* Your objective
What should come back is the data below, word for word, minus any picture.

* Information provided
--------------------

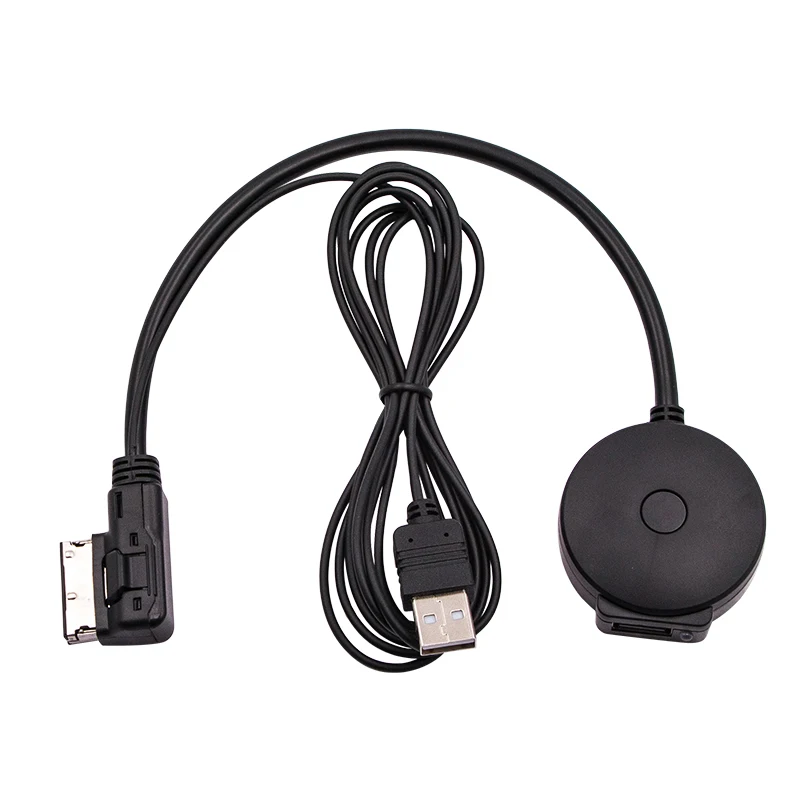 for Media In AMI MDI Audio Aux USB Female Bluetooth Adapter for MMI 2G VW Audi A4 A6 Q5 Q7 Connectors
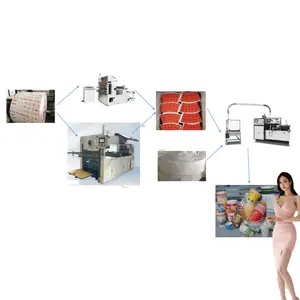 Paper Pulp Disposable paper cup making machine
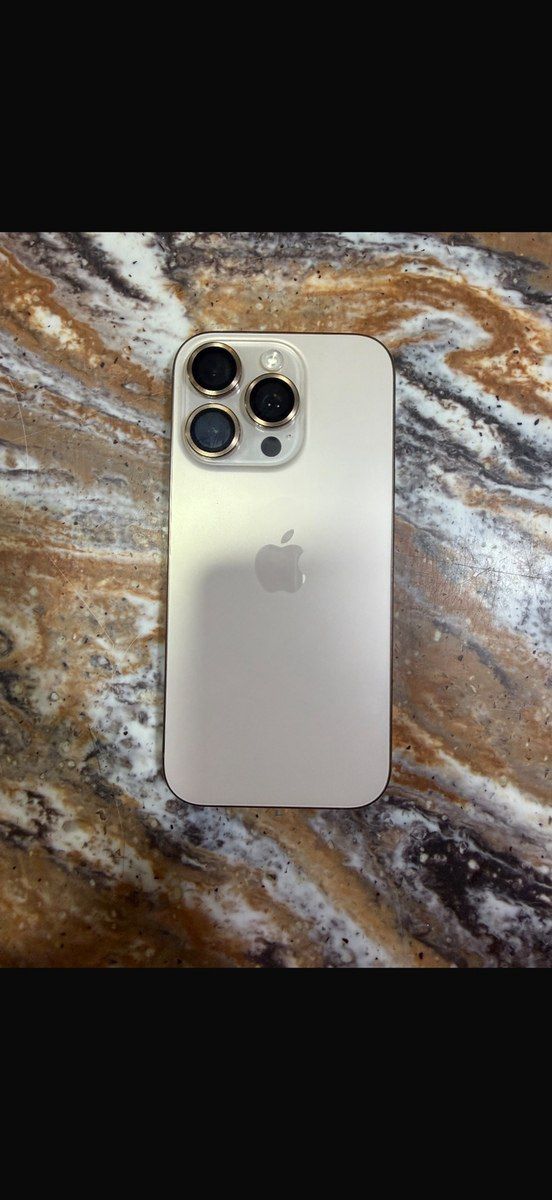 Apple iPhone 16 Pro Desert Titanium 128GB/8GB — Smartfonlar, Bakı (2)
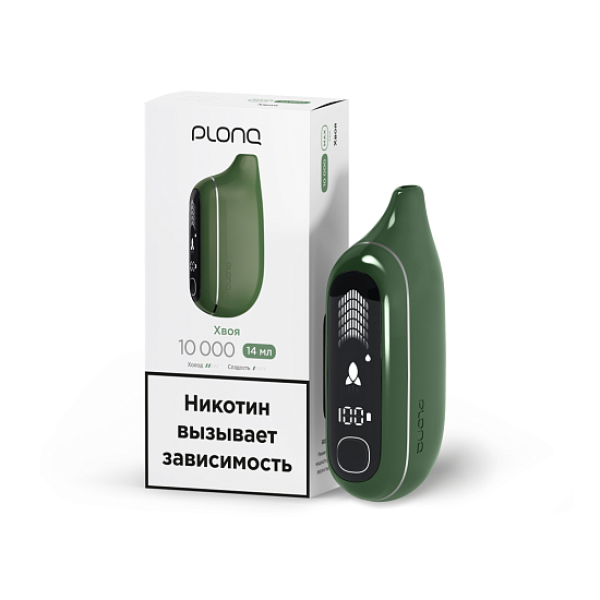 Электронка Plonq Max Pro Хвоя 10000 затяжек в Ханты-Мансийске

--------------------

* Exercise response
 for Media In AMI MDI Audio Aux USB Female Bluetooth Adapter for MMI 2G VW Audi A4 A6 Q5 Q7 Connectors
 Paper Pulp Disposable paper cup making machine
 Apple iPhone 16 Pro Desert Titanium 128GB/8GB — Smartfonlar, Bakı (2)
 Электронка Plonq Max Pro Хвоя 10000 затяжек в Ханты-Мансийске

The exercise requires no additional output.